Search and Seizure, Automobile, Threshold police inquiry. Threshold Police Inquiry. Constitutional Law, Search and seizure.
At a hearing on a motion to suppress evidence obtained during a patfrisk conducted after the defendant was ordered out of a motor vehicle during a routine traffic stop, the judge erred in ruling that State troopers' search of the vehicle was unlawful, where the troopers' conduct of the stop was a measured response to the situation as it had gradually escalated, in which neither trooper issued an exit order or conducted a patfrisk based on a "mere hunch," but proceeded cautiously and issued the exit order only after what began as a "hunch" gradually acquired an objective basis for genuine concern. [325-330]
COMPLAINT received and sworn to in the Brockton Division of the District Court Department on December 16, 1998.
A pretrial motion to suppress was heard by James F.X. Dinneen, J.
After review by the Appeals Court, the Supreme Judicial Court granted leave to obtain further appellate review.
William H. Connolly, Assistant District Attorney, for the Commonwealth.
SOSMAN, J. The Commonwealth appealed from an order allowing the defendant's motion to suppress evidence obtained during a patfrisk conducted after he was ordered out of a vehicle during a routine traffic stop. In an unpublished memorandum and order pursuant to its rule 1:28, the Appeals Court affirmed the suppression order, concluding that there was no basis for ordering the defendant out of the car. Commonwealth v. Stampley, 52 Mass. App. Ct. 1103 (2001). We granted the Commonwealth's application for further appellate review. For the following reasons, we reverse the order granting suppression.

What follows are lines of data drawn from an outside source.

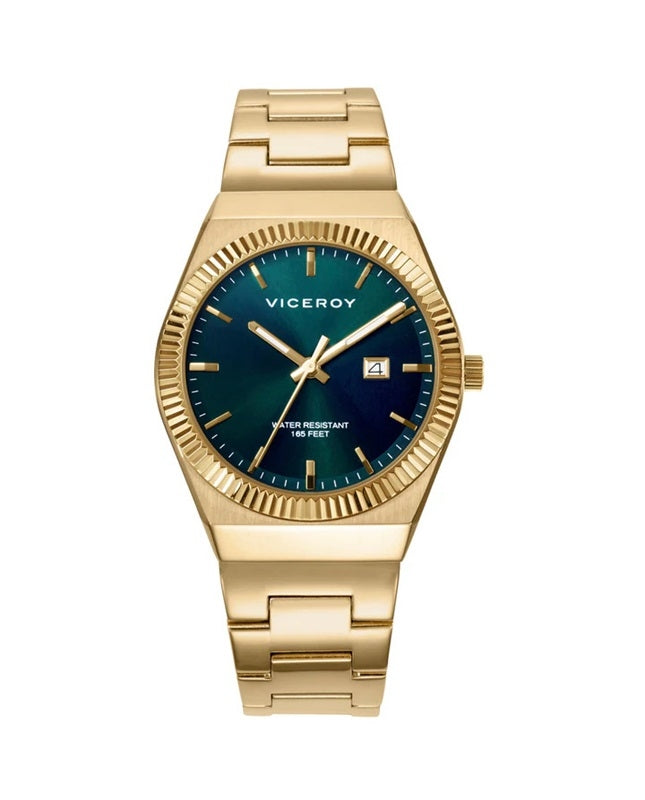 Women's Watch VICEROY Mod. 401296-67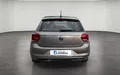 Miniature VOLKSWAGEN POLO 1.0 TSI 95 S&S DSG7 Active extérieur arrière 2131606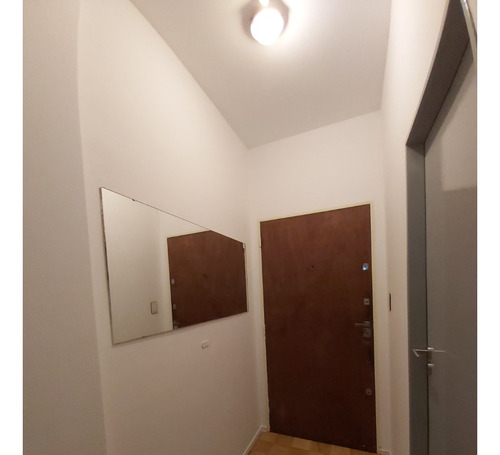 Dueño Vende 3 Ambientes Reciclado A Nuevo En Almagro, A Mts Subte Linea A Castro Barros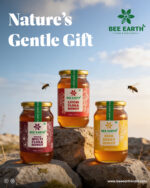 Indian Multiflora honey - Image 5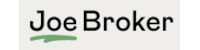 Joe Broker logo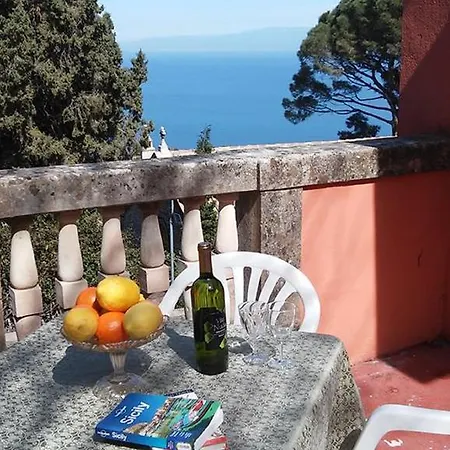 Casa Lanfranchi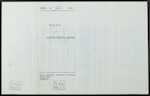 JOHNSTON Clifford Frederick - Dunedin - Company Manager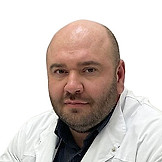 Юшанков Артем Александрович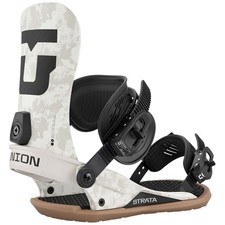 Union Strata Herren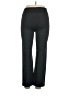 KIRKLAND Signature Gray Active Pants Size XL - photo 2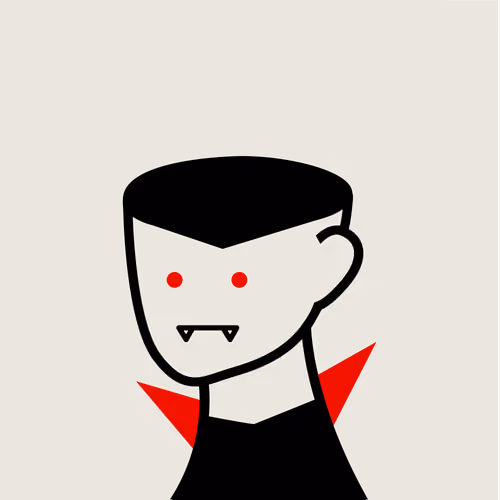 Dracula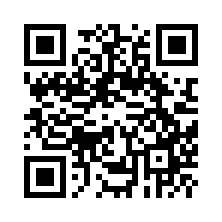 QR Code for bitcoin:18ZooWANrc53NsCdSWRQ8mm6kinCbCtxc6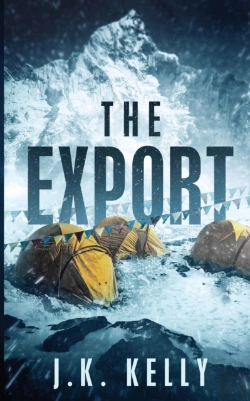 Bertrand.pt - The Export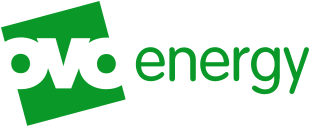 Ovo_Energy_logo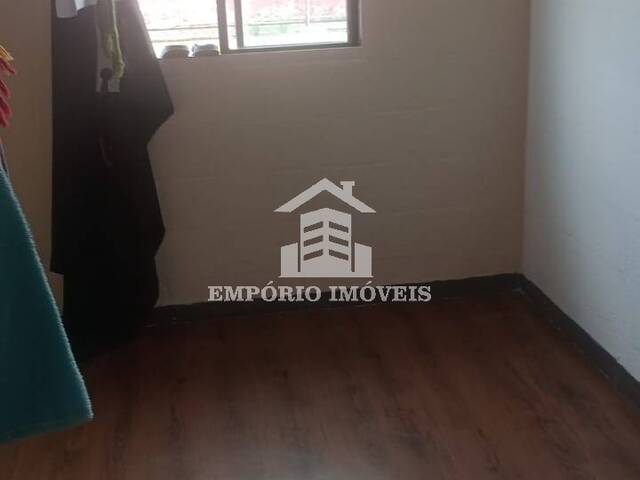 #1206 - Apartamento para Venda em São Paulo - SP - 2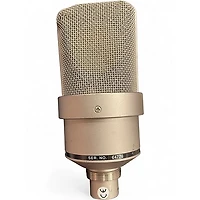Used Neumann TLM103 Condenser Microphone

1. Facts. [Note 1] While on routine patrol on Route 24 in Brockton at approximately 10:30 P.M., State Trooper Joseph Silva observed a passing vehicle with tinted headlights and taillights, in violation of State regulations. He signaled for the vehicle to pull over and stopped his own cruiser approximately twenty feet behind it. Immediately on stopping the car, and before he approached it or spoke with any of the occupants, all three occupants rolled down their windows and extended their arms outside, hands empty. Never having seen such a reaction to a traffic stop, Silva thought this was peculiar behavior, and radioed for backup. However, without waiting for backup to arrive, Silva approached the driver's side and asked the driver for his license and registration, both of which were promptly provided. From that vantage point, he noticed that the two passengers (the defendant in the front seat, the other passenger in the rear seat) did not have their seat belts fastened, in violation of G. L. c. 90, § 13A. He asked the passengers for identification. They both responded that they had no identification. Throughout this encounter, all three occupants of the vehicle kept their arms outstretched through the vehicle windows.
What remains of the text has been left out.